INSTRUCTIONS FOR THE TASK - Each entry should be printed exactly, with its images omitted.

[Stored data entries]
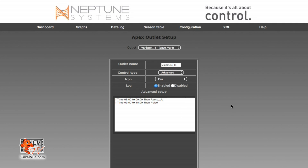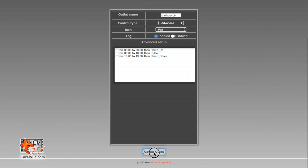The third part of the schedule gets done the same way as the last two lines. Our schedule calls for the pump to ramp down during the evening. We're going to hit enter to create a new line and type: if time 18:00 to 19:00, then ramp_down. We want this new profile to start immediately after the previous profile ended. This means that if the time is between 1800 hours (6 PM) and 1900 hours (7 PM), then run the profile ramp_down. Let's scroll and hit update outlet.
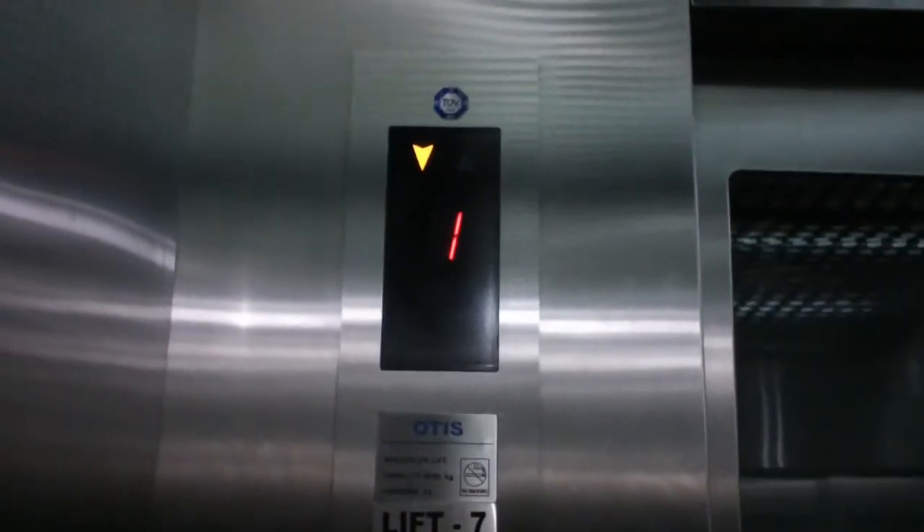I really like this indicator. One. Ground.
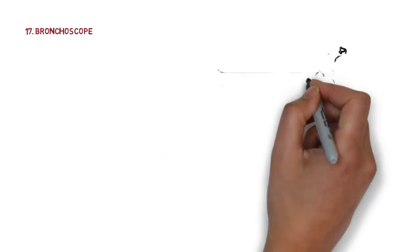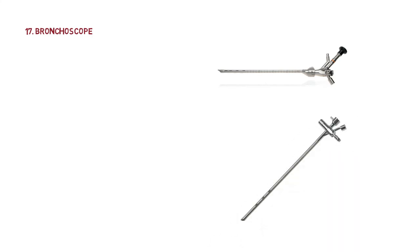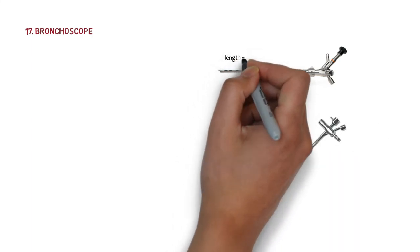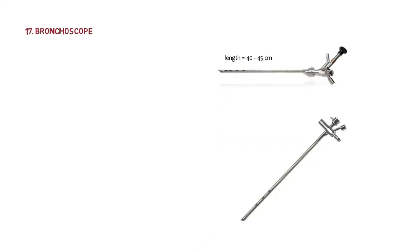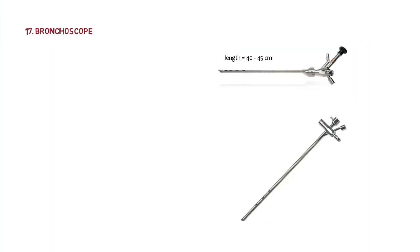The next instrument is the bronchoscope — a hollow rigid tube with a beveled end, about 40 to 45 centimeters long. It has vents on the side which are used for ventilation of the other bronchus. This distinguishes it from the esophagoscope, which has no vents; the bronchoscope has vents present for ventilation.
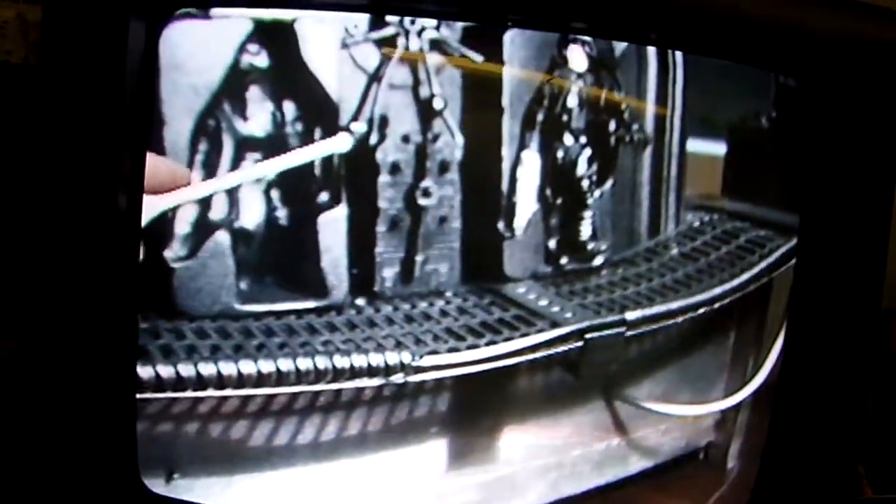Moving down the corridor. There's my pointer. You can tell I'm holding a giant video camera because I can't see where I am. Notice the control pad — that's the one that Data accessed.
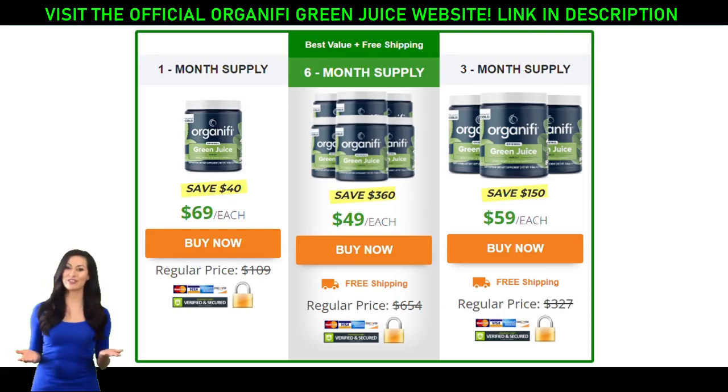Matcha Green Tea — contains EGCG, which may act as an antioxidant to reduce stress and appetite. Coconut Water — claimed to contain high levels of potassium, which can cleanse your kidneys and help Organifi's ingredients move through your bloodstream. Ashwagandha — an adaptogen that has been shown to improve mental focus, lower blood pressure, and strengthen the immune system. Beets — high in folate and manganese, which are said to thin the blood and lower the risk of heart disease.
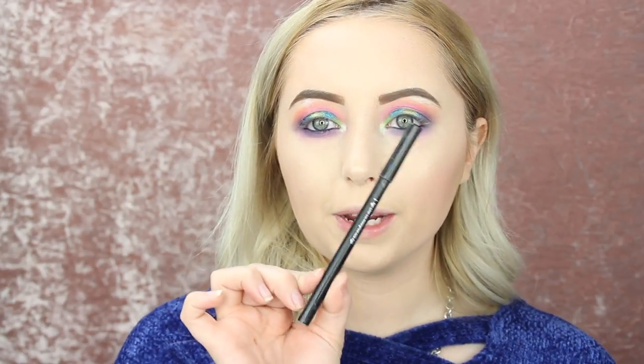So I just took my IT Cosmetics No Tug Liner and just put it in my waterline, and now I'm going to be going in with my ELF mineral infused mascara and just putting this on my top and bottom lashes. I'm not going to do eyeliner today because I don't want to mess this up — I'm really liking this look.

FINISHED TASK -
The third part of the schedule gets done the same way as the last two lines. Our schedule calls for the pump to ramp down during the evening. We're going to hit enter to create a new line and type: if time 18:00 to 19:00, then ramp_down. We want this new profile to start immediately after the previous profile ended. This means that if the time is between 1800 hours (6 PM) and 1900 hours (7 PM), then run the profile ramp_down. Let's scroll and hit update outlet.
I really like this indicator. One. Ground.
The next instrument is the bronchoscope — a hollow rigid tube with a beveled end, about 40 to 45 centimeters long. It has vents on the side which are used for ventilation of the other bronchus. This distinguishes it from the esophagoscope, which has no vents; the bronchoscope has vents present for ventilation.
Moving down the corridor. There's my pointer. You can tell I'm holding a giant video camera because I can't see where I am. Notice the control pad — that's the one that Data accessed.
Matcha Green Tea — contains EGCG, which may act as an antioxidant to reduce stress and appetite. Coconut Water — claimed to contain high levels of potassium, which can cleanse your kidneys and help Organifi's ingredients move through your bloodstream. Ashwagandha — an adaptogen that has been shown to improve mental focus, lower blood pressure, and strengthen the immune system. Beets — high in folate and manganese, which are said to thin the blood and lower the risk of heart disease.
So I just took my IT Cosmetics No Tug Liner and just put it in my waterline, and now I'm going to be going in with my ELF mineral infused mascara and just putting this on my top and bottom lashes. I'm not going to do eyeliner today because I don't want to mess this up — I'm really liking this look.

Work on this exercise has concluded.